Mais derrière ce coup d’éclat, c’est un défi direct lancé aux puissances européennes. Nasser veut reprendre le contrôle de l’économie égyptienne, s’affirmer comme le leader du monde arabe et dénoncer l’ingérence occidentale. Il sait que le canal est vital pour l’Europe, par lequel transite une grande partie de son pétrole. Le message est clair : « Le canal est désormais à nous ».
Une riposte militaire qui tourne à l’humiliation
Paris et Londres s’estiment trahis. Actionnaires majoritaires et gestionnaires historiques du canal, ils voient dans cet acte un affront inacceptable. D’autant que l’Égypte de Nasser soutient ouvertement le FLN algérien, ce qui exaspère la France. La riposte se prépare en coulisses, avec un allié de circonstance : Israël. Depuis 1955, Le Caire bloque l’accès du canal et du golfe d’Akaba aux navires israéliens, un acte perçu comme une menace existentielle.
Le 29 octobre 1956, Tsahal envahit le Sinaï et Gaza. Deux jours plus tard, les troupes britanniques et françaises bombardent l’Égypte. C’est l’opération Mousquetaire : 60 000 hommes, 300 avions de combat, six porte-avions sont mobilisés pour faire plier Nasser.
Mais la contre-attaque vire au cauchemar diplomatique. Les États-Unis de Dwight Eisenhower et l’URSS de Nikita Khrouchtchev s’opposent fermement à l’opération. L’ONU entre dans la danse. Le 6 novembre, les troupes sont forcées de se retirer. C’est une gifle historique pour deux puissances en déclin.
Le triomphe politique de Nasser, héros du Tiers-Monde
Là où Paris et Londres essuient un camouflet, Nasser récolte un triomphe. Certes, l’Égypte subit des pertes militaires, mais sur le plan politique, le président égyptien sort grandi. Il a tenu tête aux anciennes puissances coloniales, humilié leurs armées et affirmé la souveraineté de son peuple. Le monde arabe l’érige en symbole de résistance, et le Tiers-Monde salue l’émergence d’un leader indépendant.

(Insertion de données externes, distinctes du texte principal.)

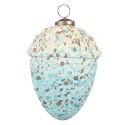 Clayre & Eef Kerstbal Eikel Ø 9 cm Turquoise Beige Glas Metaal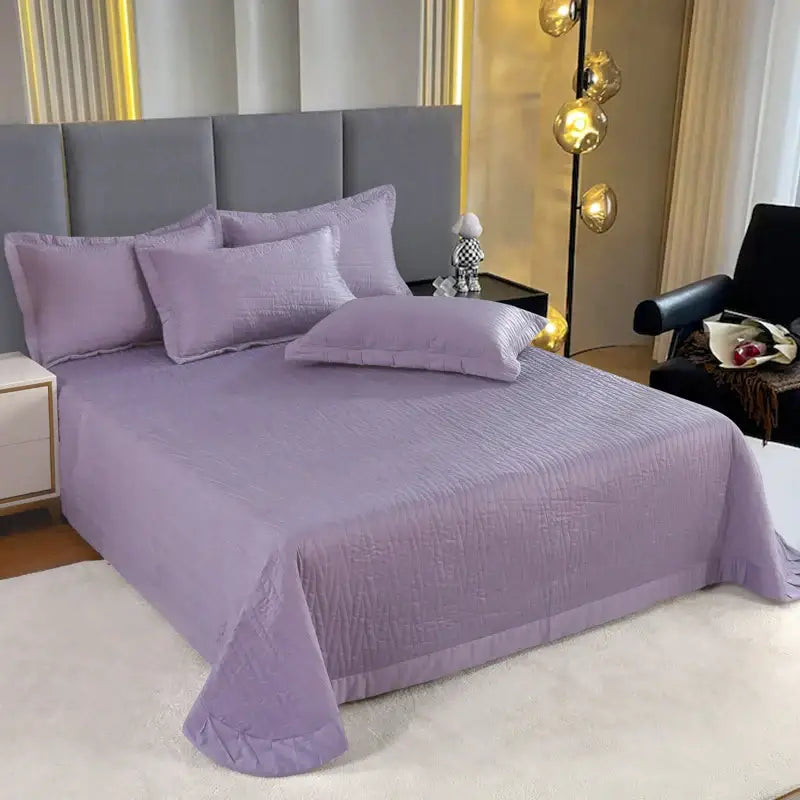 Luxury gray textured egyptian cotton quilt set bedroom bedding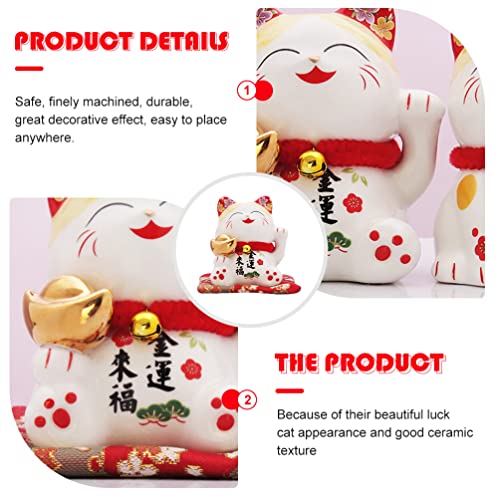 NUOBESTY Estatueta De Gato Da Sorte Japonês Maneki Neko Gato Da Sorte Riqueza Fortuna Sorte Decoraçã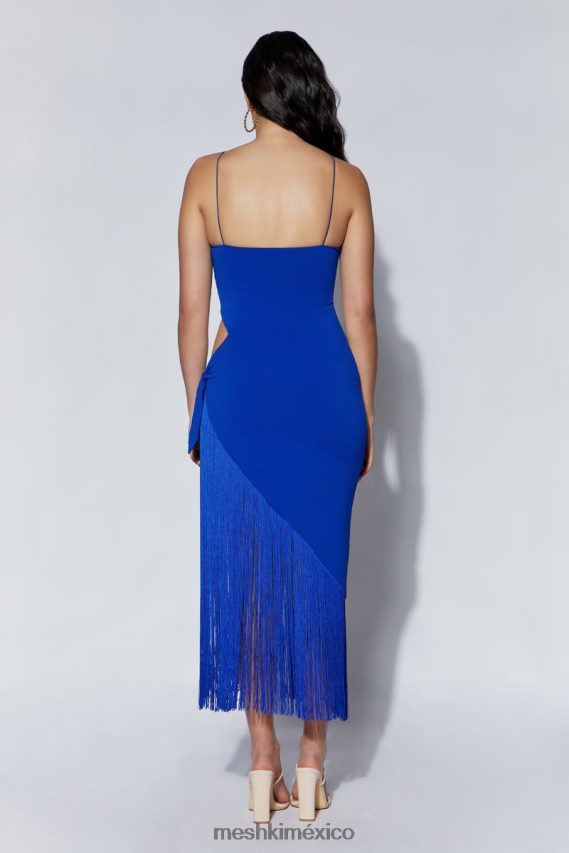 Meshki vestido midi cruzado con flecos de yasmin azul persa ropa H48F8H515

La crise du canal de Suez révèle un monde qui bascule : l’influence de la France et du Royaume-Uni s’effondre, celle des États-Unis et de l’URSS s’imposent comme nouvelle norme. L’affaire accouche aussi d’une nouveauté diplomatique majeure : les Casques Bleus. Pour la première fois, une force d’interposition des Nations unies est déployée pour restaurer la paix, annonçant les prémices du multilatéralisme moderne.
Soixante-dix ans plus tard, la crise de Suez reste une leçon de géopolitique brutale : les symboles de puissance peuvent s’effondrer en un discours, et les rires de Nasser ont résonné bien au-delà des rives du Nil.